# Instructions for the task:
Could you repeat exactly the lines below, from the line containing "How to Make" through the last one, both included, while leaving out any pictures?

Segment Start: Record excerpts

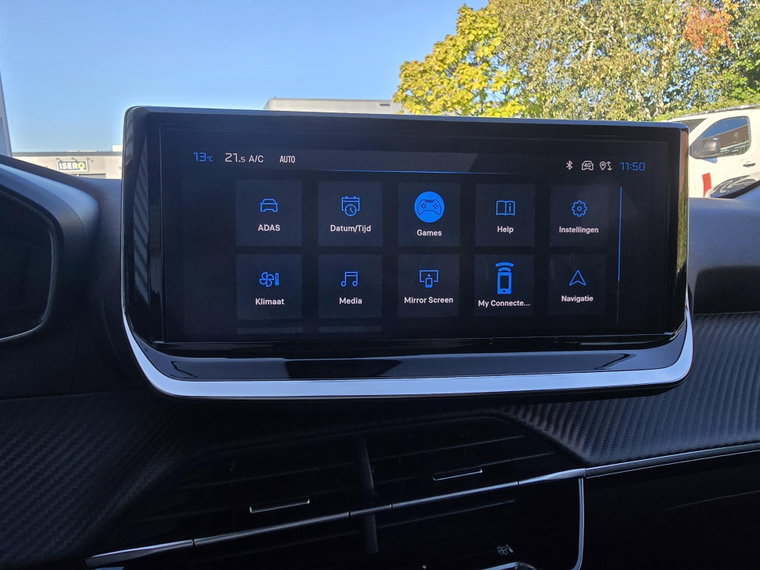 Vehicle Image 30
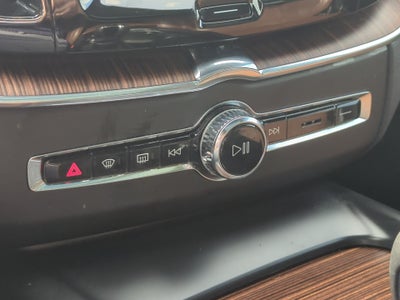 2021 Volvo XC60 Inscription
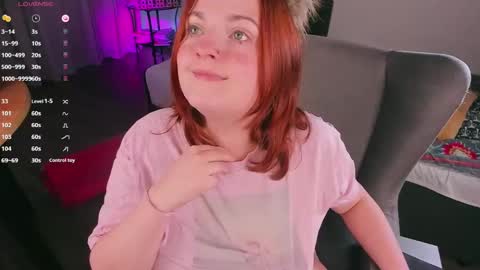 Snapshot of juliet_schoolgirl chatting on 12.22.24 Juliet online show from 12.22.24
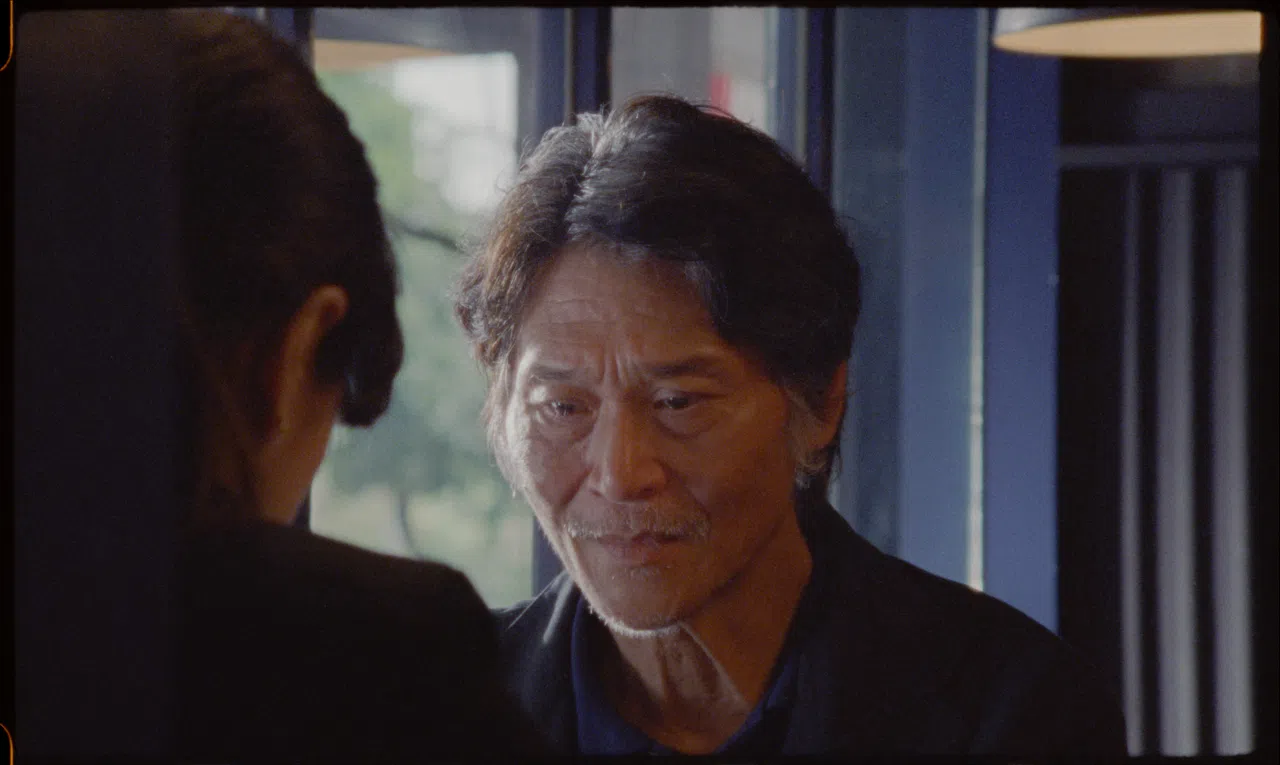 老戏骨喜翔性格与片中角色相似，会情绪化，需要导演哄。（受访者提供）
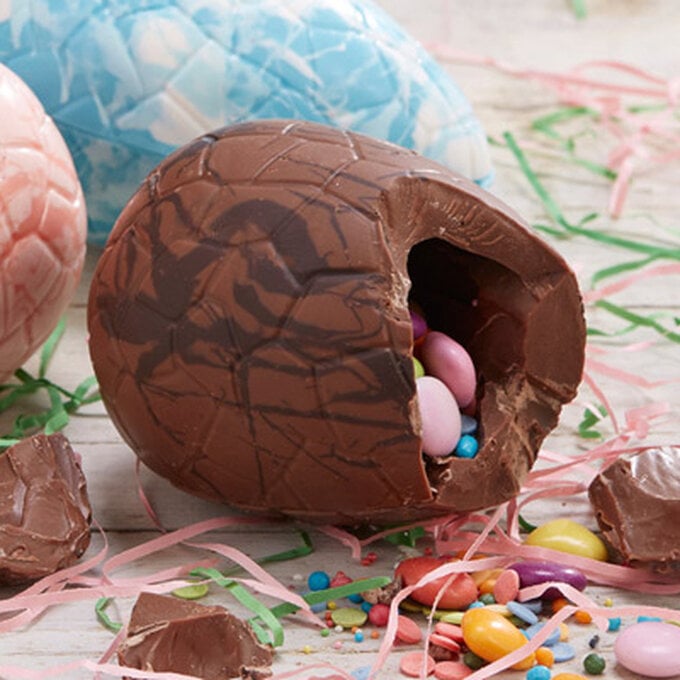 How to Make Chocolate Pinata Easter Eggs image number 1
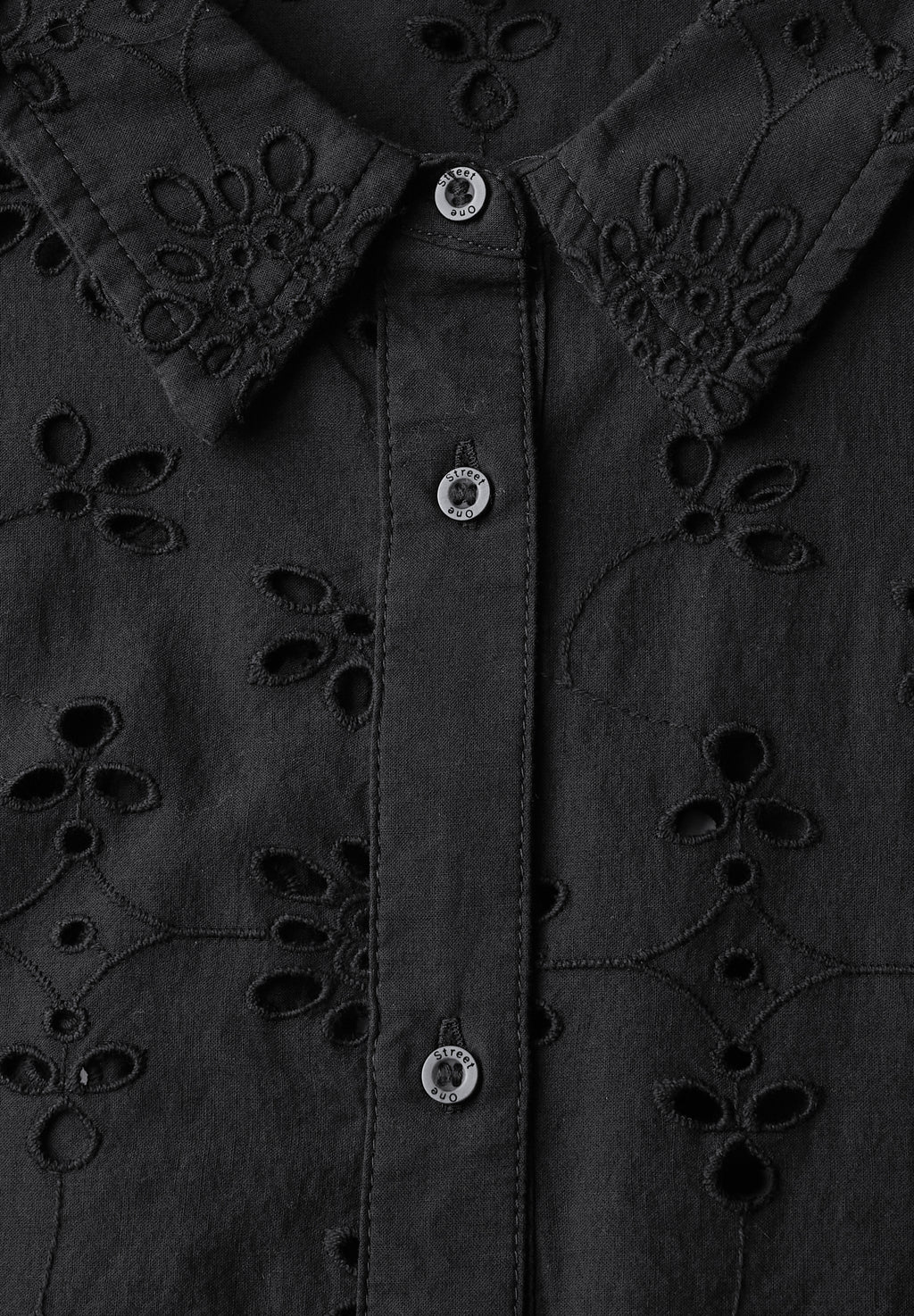 Hemdbluse mit Lochstickerei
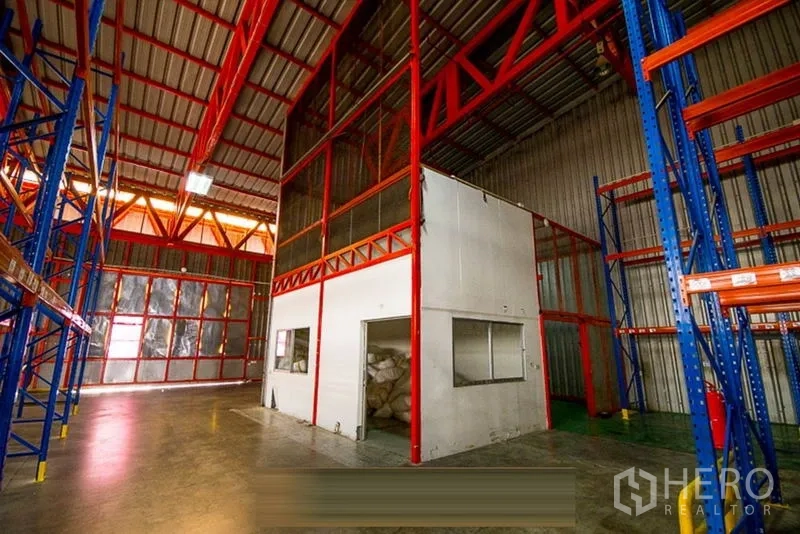 คลังสินค้า ให้เช่าในSamut Prakan - ออฟฟิศชั้นลอยภายในโกดัง ติดกับชั้นวางพาเลท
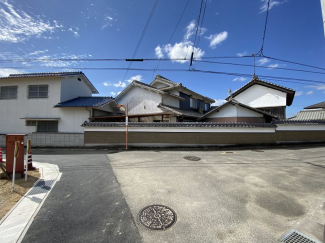【前面道路含む現地写真】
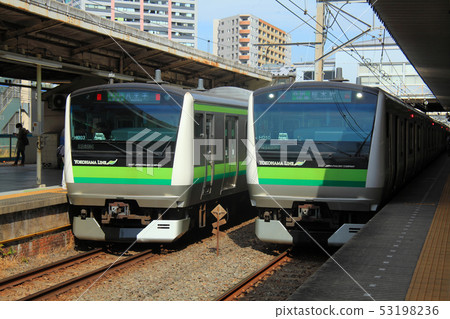 橫濱線233系列在東神奈川站停靠 橫濱線233系列在東神奈川站停靠 53198236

Segment End: Record excerpts

# Result:
 How to Make Chocolate Pinata Easter Eggs image number 1
 Hemdbluse mit Lochstickerei
 คลังสินค้า ให้เช่าในSamut Prakan - ออฟฟิศชั้นลอยภายในโกดัง ติดกับชั้นวางพาเลท
【前面道路含む現地写真】
 橫濱線233系列在東神奈川站停靠 橫濱線233系列在東神奈川站停靠 53198236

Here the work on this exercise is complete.